__Your instructions__: The lines to retype run from the one containing "Welsh vs Immigrants" through the end of the listing below. Reproduce them exactly, leaving out pictures.

__The data__:
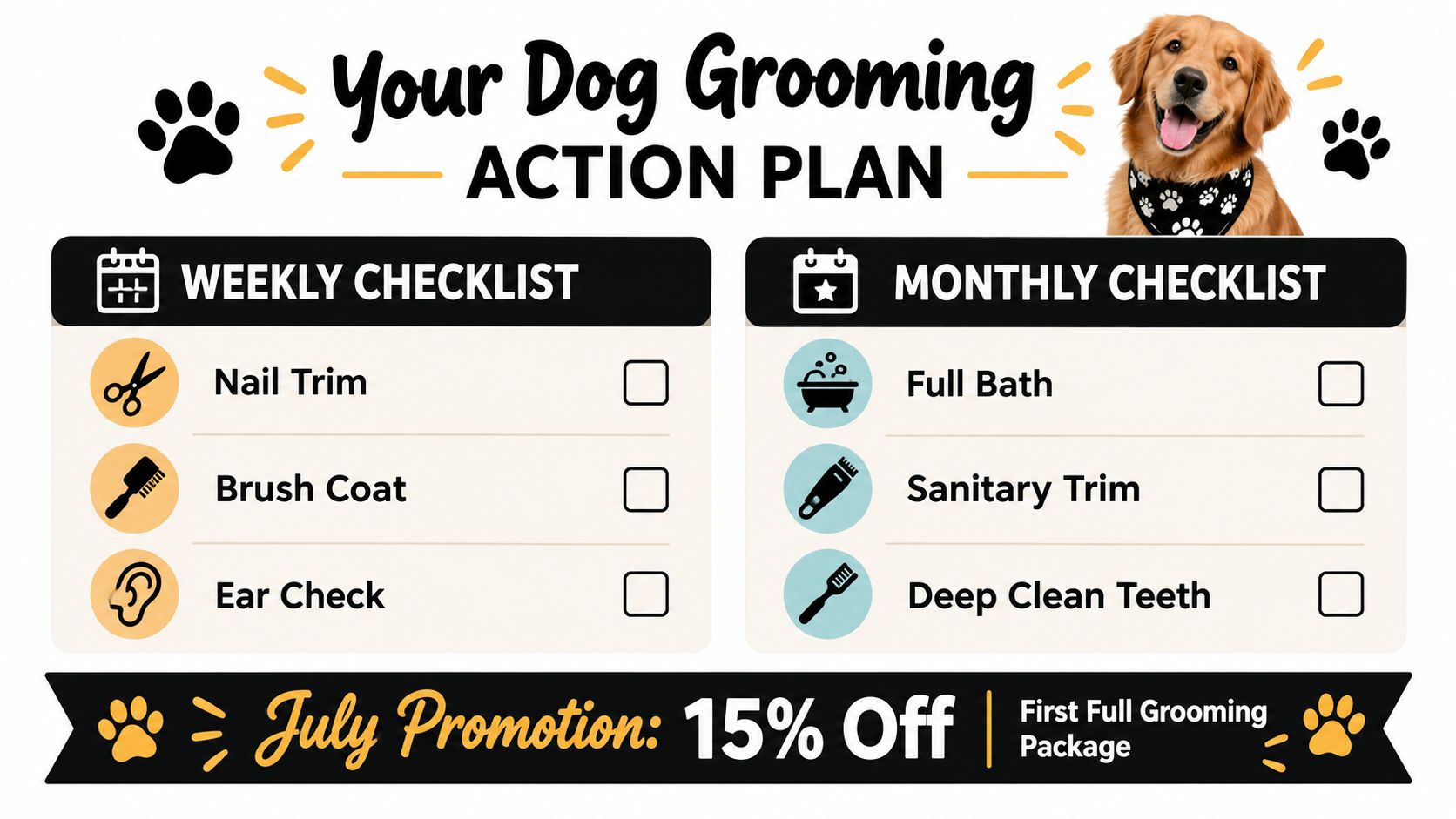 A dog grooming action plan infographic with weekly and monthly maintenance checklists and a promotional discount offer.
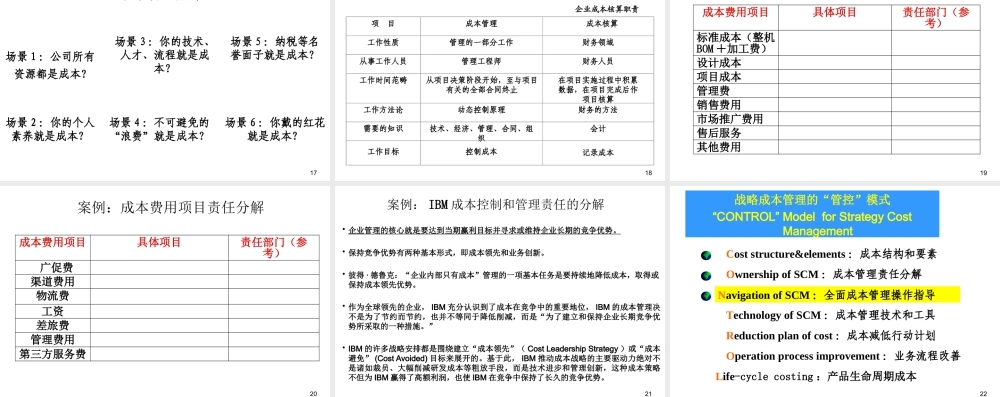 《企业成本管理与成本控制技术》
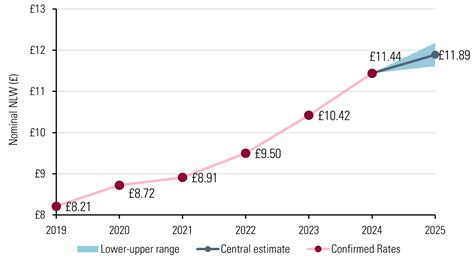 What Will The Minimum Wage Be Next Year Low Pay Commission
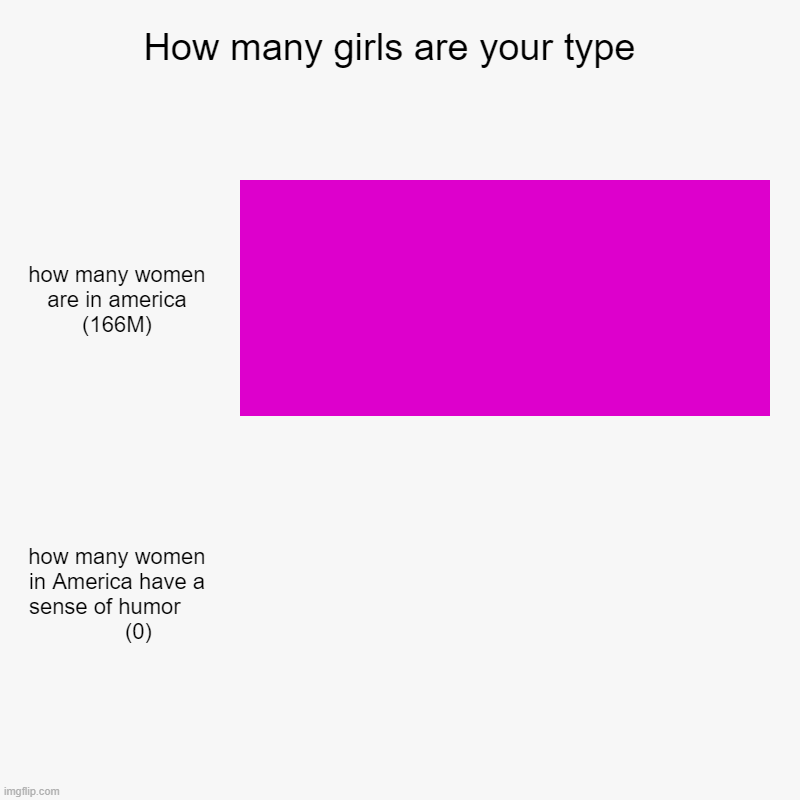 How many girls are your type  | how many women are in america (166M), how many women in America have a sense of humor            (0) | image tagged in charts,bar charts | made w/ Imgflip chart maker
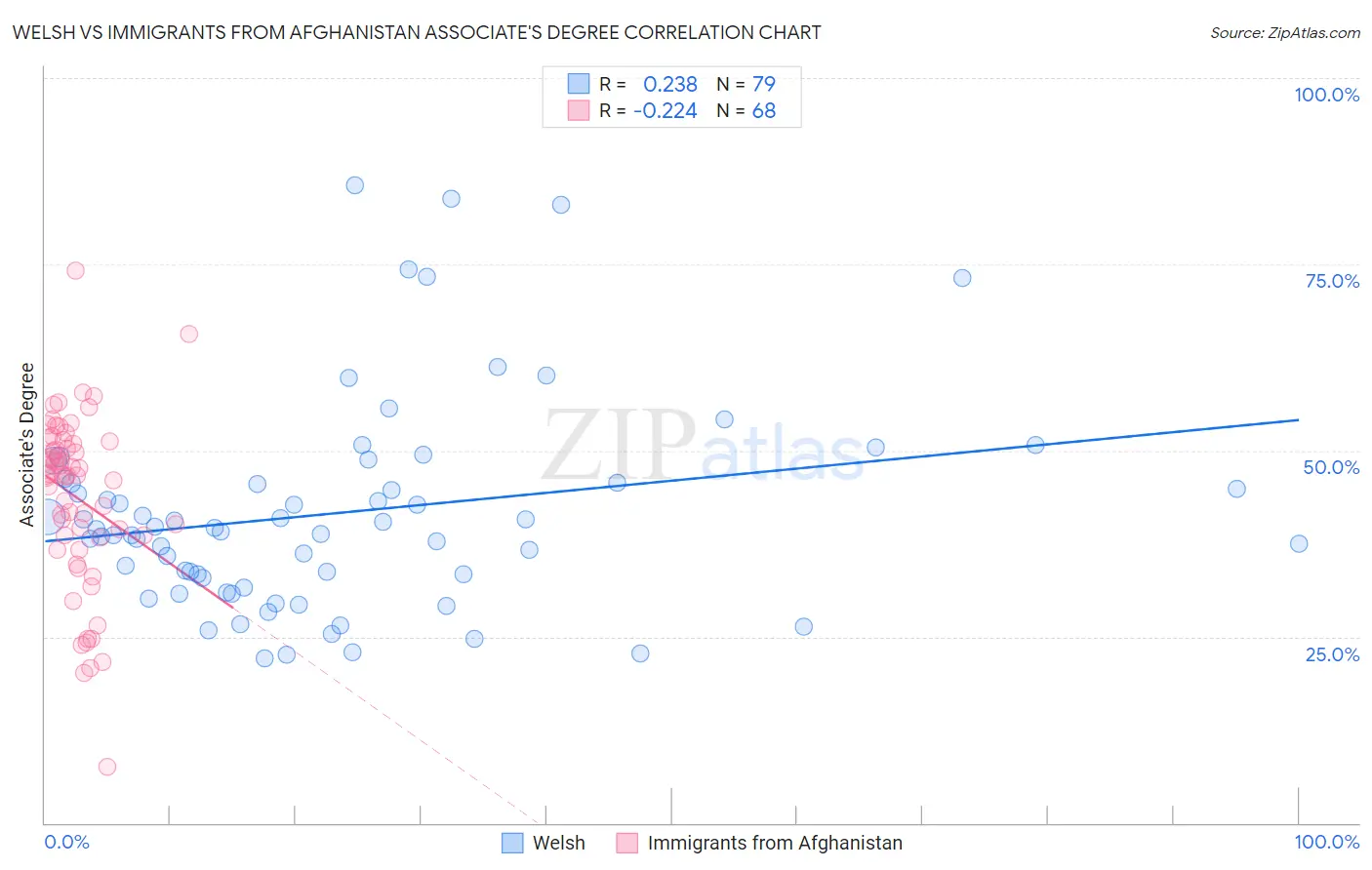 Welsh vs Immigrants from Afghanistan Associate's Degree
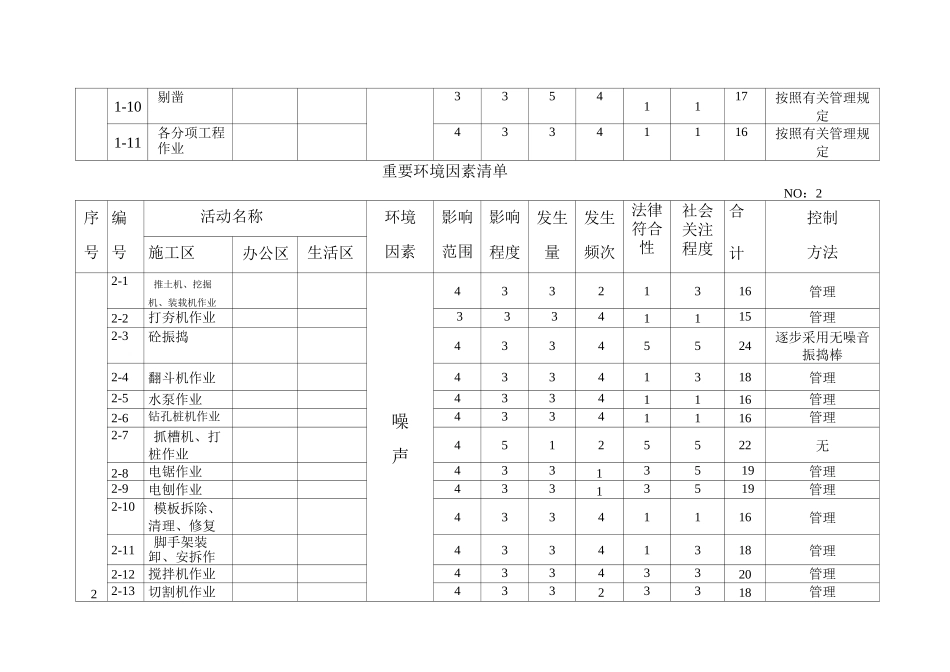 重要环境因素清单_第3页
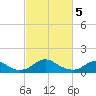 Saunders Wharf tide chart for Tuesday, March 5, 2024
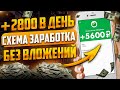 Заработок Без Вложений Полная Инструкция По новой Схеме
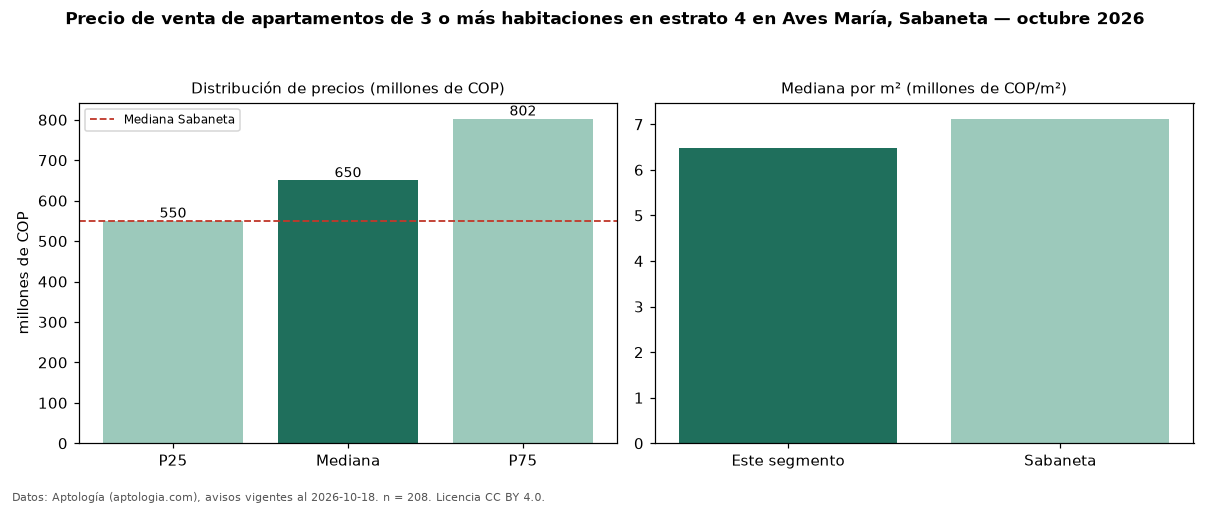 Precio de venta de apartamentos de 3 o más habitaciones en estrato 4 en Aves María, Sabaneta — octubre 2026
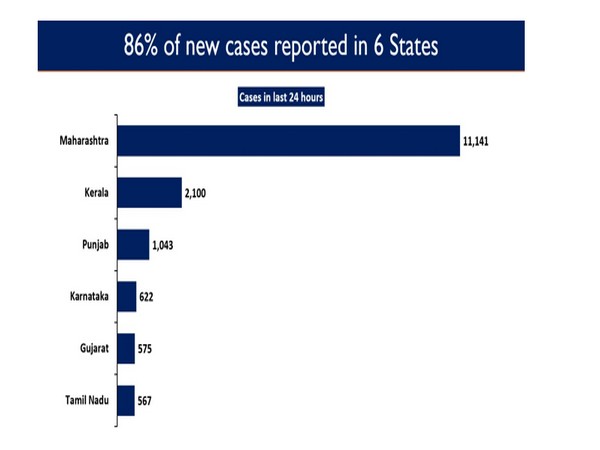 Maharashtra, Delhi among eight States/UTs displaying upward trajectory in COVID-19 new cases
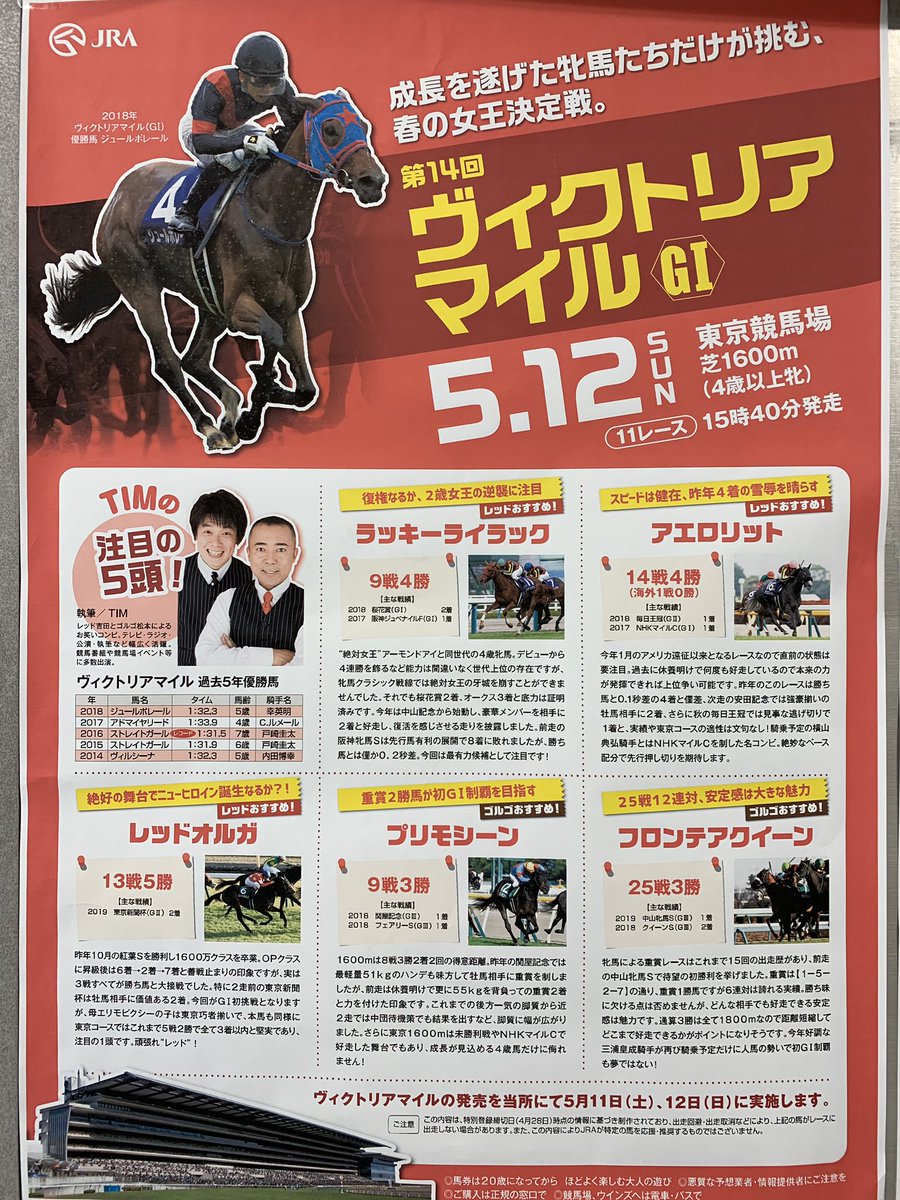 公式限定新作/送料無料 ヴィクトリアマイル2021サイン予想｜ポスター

__Response__:
 Welsh vs Immigrants from Afghanistan Associate's Degree
 重要环境因素清单_第3页
 Saunders Wharf tide chart for Tuesday, March 5, 2024
 Заработок Без Вложений Полная Инструкция По новой Схеме
 Precio de venta de apartamentos de 3 o más habitaciones en estrato 4 en Aves María, Sabaneta — octubre 2026
 Maharashtra, Delhi among eight States/UTs displaying upward trajectory in COVID-19 new cases
 公式限定新作/送料無料 ヴィクトリアマイル2021サイン予想｜ポスター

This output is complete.